Lightning strikes Beaudesert cattle

Beaudesert cattle found dead after storm

ELECTROCUTION: Mr Shirley said it looked as if all six cattle were felled after lightning hit the fence. Photo: Supplied

ELECTROCUTION: Mr Shirley said it looked as if all six cattle were felled after lightning hit the fence. Photo: Supplied


The farmer says it looks like they were hit by lightning.


SIX head of cattle from the property of grazier Eda Shirley in Beaudesert were found dead after a storm on February 26.

Ms Shirley’s son Derek said it appeared that they had been killed instantaneously after lightning struck the fence.

“They would have been standing in water near the fence and the lightning has just dropped them all at the same time,” Mr Shirley said.

Mr Shirley said the stock was worth $10,000.

“It happened on Monday night and we couldn’t get out to find them until Wednesday morning,” he said.

“We definitely could have done without it but I am more worried about the safety issues for people when we have storms like that.”

He said all six were lost and it raised real concerns about people taking the risk of being outdoors during a thunderstorm.

“They were all killed in an instant, (there were) no survivors in that herd and it could have been any one of us,” he said.
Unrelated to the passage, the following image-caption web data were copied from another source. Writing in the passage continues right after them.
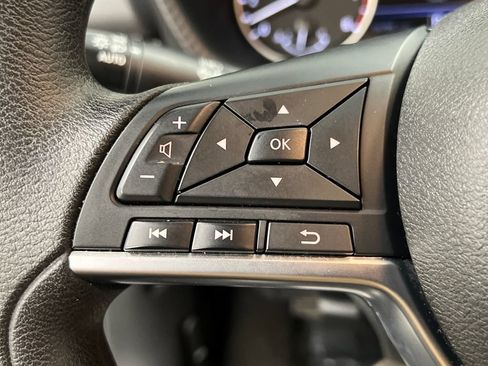 Used 2024 Nissan Sentra SV FWD image 42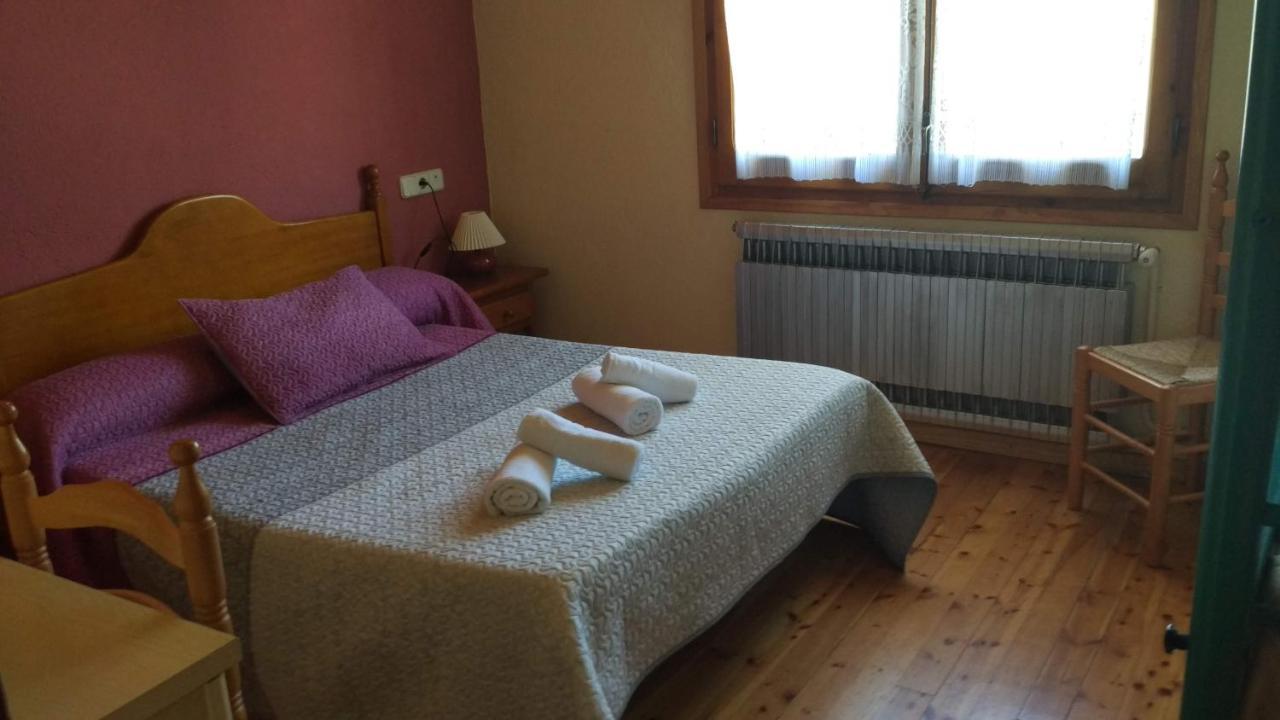 Hostal Pas De La Pera Aransá Esterno foto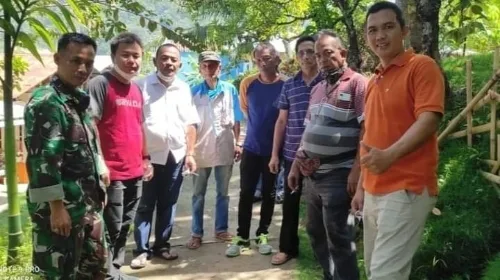 Dua Orang Anggota DPRD Kota Padang Kunjungi Kampung KB Bukik Karan.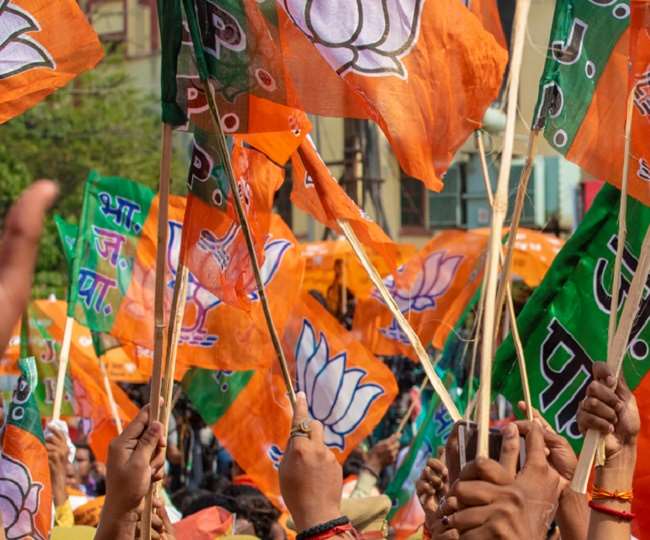 निगमों में बहुमत होने के चलते भाजपा प्रत्याशियों का निर्विरोध जीतना भी तय है।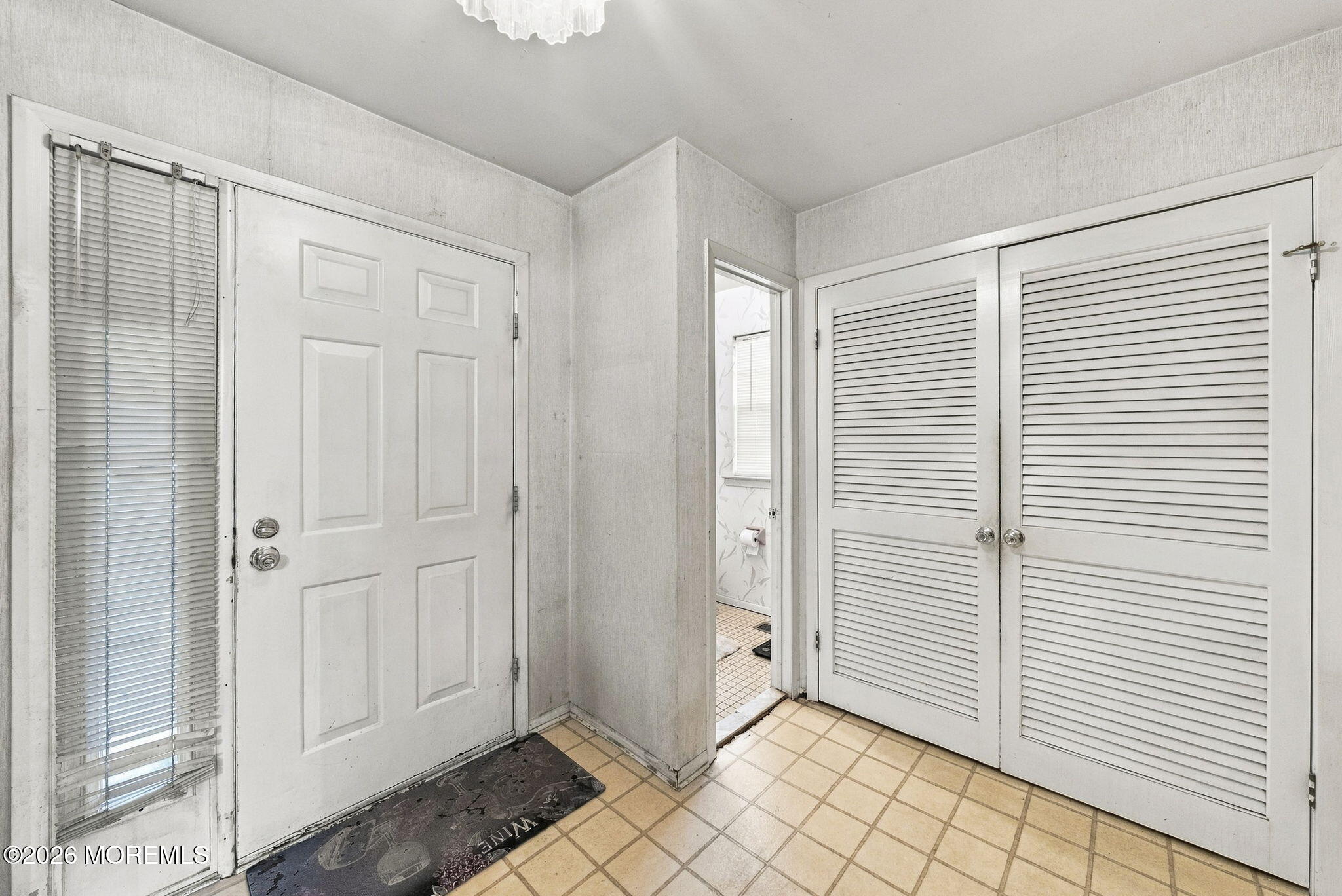 221 Longwood Drive Manalapan NJ 07726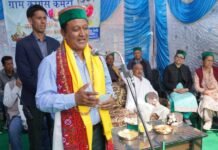 किन्नौर : जगत सिंह नेगी ने खदरा व अकपा ग्राम पंचायत का दौरा कर लोगों की सुनी जन-समस्याएं
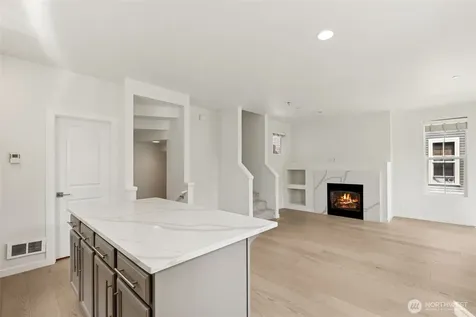 861 5th Place NE Issaquah WA 98029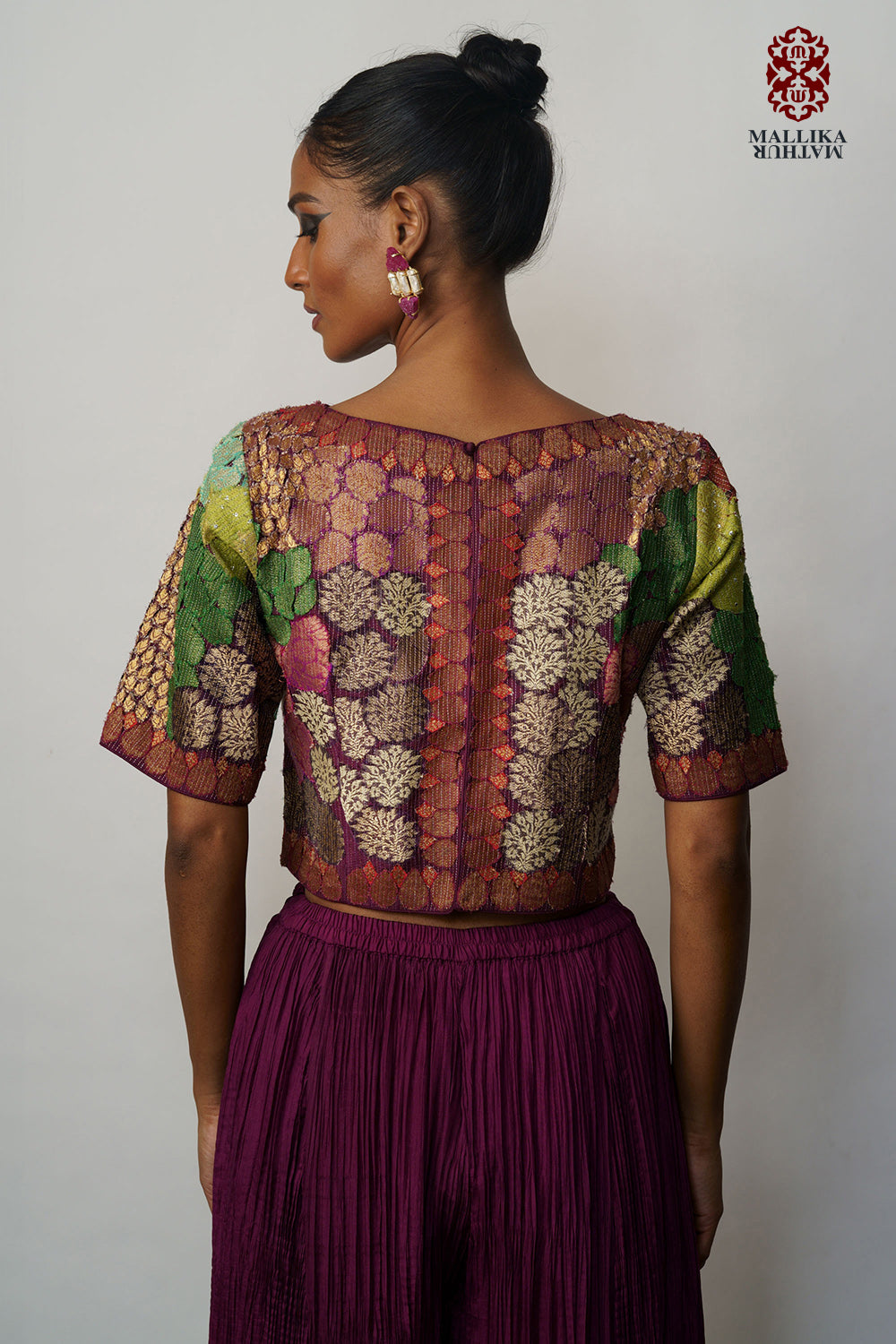 'Banaras Bloom' crop top applique aubergine - image 3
Mr Shirley was concerned that while most people were aware of the general advice about thunderstorms some might feel safe being out in the weather as long as they avoided sheltering under a tree or near a metal fixture.

“What if this had happened at a school or a kindy?” he said.

He said the incident showed that lightning, while a common feature of storms in the Scenic Rim, could be deadly.

Lightning risk expert Grant Kirkby said there had been reports of a similar incident in Norway last year when 223 large reindeer were felled in one go by an indirect lightning strike.

“Given the amount of space you would need to fit 223 reindeer, that’s an indication of how big of an area could be electrified by a lightning strike,” he said.

He said people should treat lightning with the same caution they would give a shark in the ocean.

“If you see a shark in the water, you’re going to get out and get your kids out very quickly, you don’t hang around to think about it,” he said.

“At the first sign of thunder or visible lightning the best thing to do is get indoors immediately.

“The majority of lighting injuries are not from direct strikes, most are indirect so the last thing you want to be doing in a thunderstorm is be standing in water.”